Down from the Tower we ambled through the streets across the Seine via Les Jardins du Trocadero and the Palais de Chaillot towards L’Arc de Triomphe. The views from here down the Etoile (12 roads join here to form a star shape) and down the Champs Elysee and its tree-lined fringes really did match the expectations of Paris in the Spring. A long walk from L’Arc down the Champs Elysee and then via the Seine to the Isle de La Cite took us to the Notre Dame du Paris where after a long wait we stayed for Mass (which for some reason was being televised – maybe we made it on to French TV!) and then caught the Metro back to the hotel. The next day was grey and cold. Just as well we had been to the Tower the day before (the third day was cold grey and wet!). On our second day we did what all tourists to Paris must do: visited the Louvre in the old Royal Residence. A huge site and too much to see so we limited ourselves to the must sees (Mona Lisa, Venus de Milo, the Winged Mercury) and what we could then fit in over the course of three hours. The paintings of de la Croix were captivating.

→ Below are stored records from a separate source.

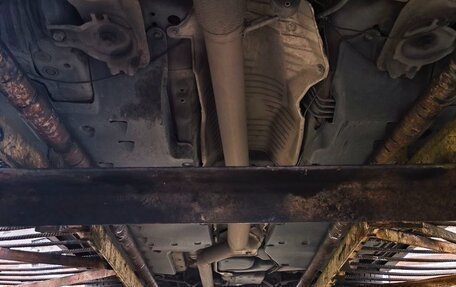 Honda Accord VIII рестайлинг, 2011 год, 1 400 000 рублей, 20 фотография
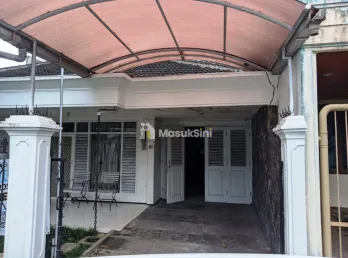 Rumah Dijual Tidar Utara Kota Malang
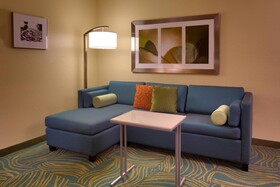 SpringHill Suites by Marriott Cedar City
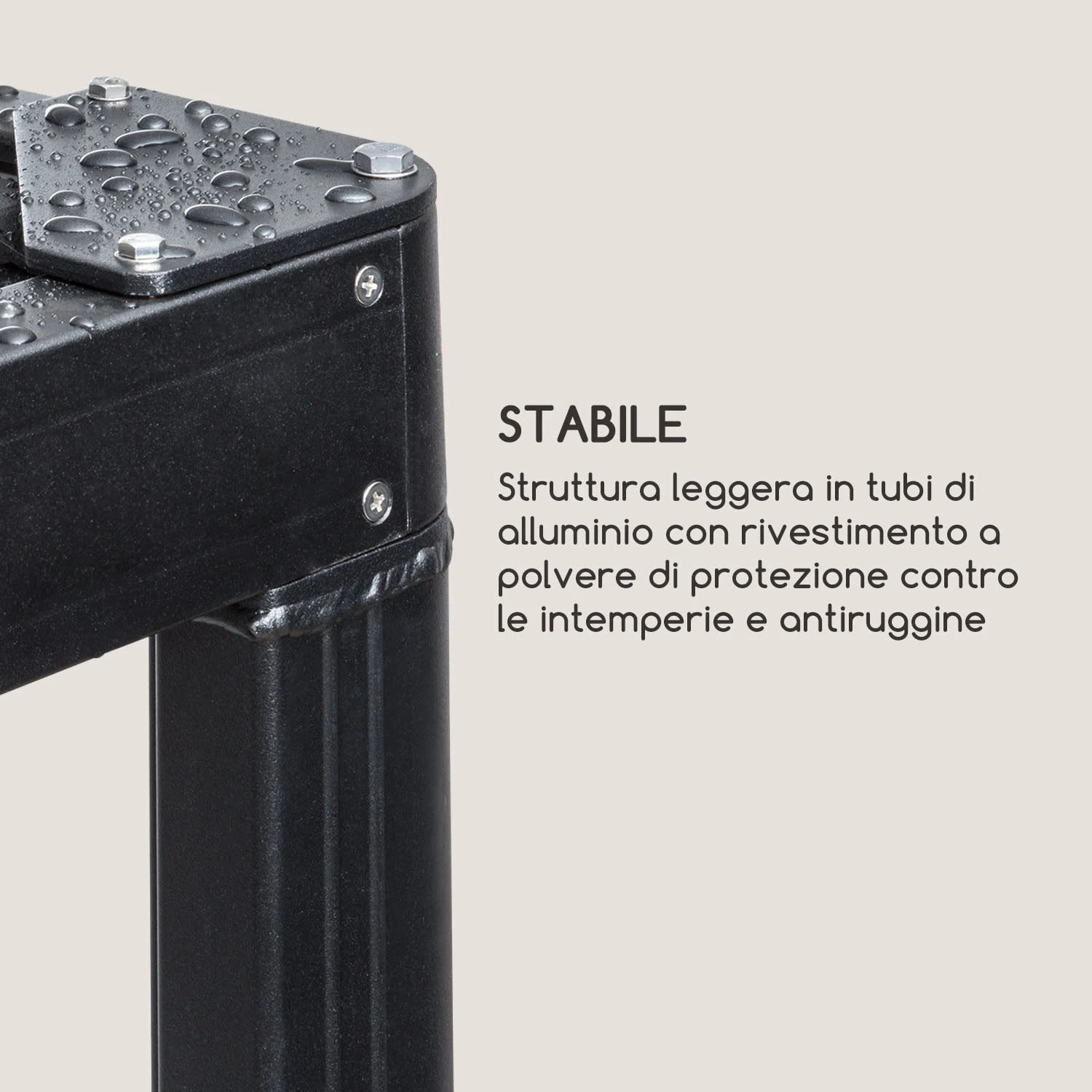 Pantheon RemoteShade Gazebo 7 Pantheon RemoteShade Gazebo - immagine 5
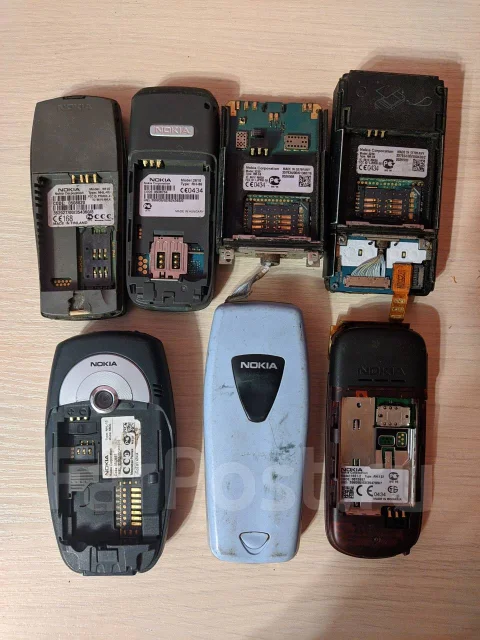 Nokia 6600. �/� ����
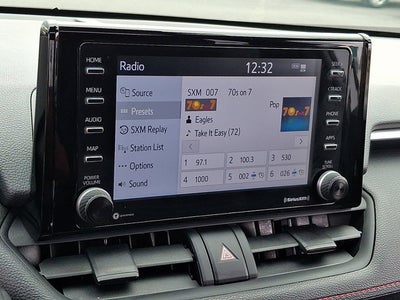 2021 Toyota RAV4 Prime SE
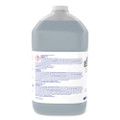 Suma Select A7 Rinse Aid, Warewashing, 1 gal Bottle, 4/Carton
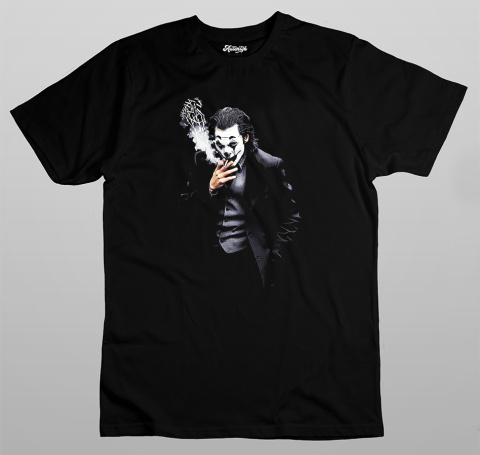 T-shirt Autentyk Film "Joker"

Paris was really an enchanting place. The wide tree-lined and flowered streets/boulevards and the abundance of history captured in sculptured art and buildings filled the old city centre where we were limited to for three days. The Basilica du Sacre Cour in Montmartre (and another Mass which also gave us a chance to appreciate the wealth of art in and around the altar); the Cemetery of Montmartre was like a miniature city in itself with tombs of famous French artists/authors and politicians (Alexandre Dumas is buried here and Emile Zola was once buried here before his remains were removed to the Pantheon); a walk to the Place de la Concorde at the Louvre end of the Champs Elysee where stands a 3000 year old obelisk, (‘a gift from the people of Egypt’) from Luxor – we had seen where it previously stood on our trip down the Nile last year.
We spent time wandering to the Bastille thinking that some of what was a part of the French Revolution was still there! But No!!!! Nothing left but a monument topped by a gilded winged Liberty which has been erected on the burial site of Revolutionaries killed in the uprising of 1830.
Other Paris highlights included several churches like the Eglise de la Madeleine; the Jardin des Tuileries; the Promenade Plantee which is a long 4.5km garden built up on a disused railway viaduct near to the Bastille site; walks past the Hotel des Invalides, the Hotel de Ville, the Moulin Rouge, and even the streets around the hotel in Saint Maurice.
So the hotel, despite being located ‘outside of Paris’ – it didn’t appear on any of the tourist oriented street maps – proved to be a good move. Underground/metro fares were less than a Euro each trip and the longest trip was no more than a half hour. We enjoyed Paris – would like to have been able to get to Versailles but with not enough time we have planned to leave that for our next European experience. Paris in the Springtime – Printemps – is great!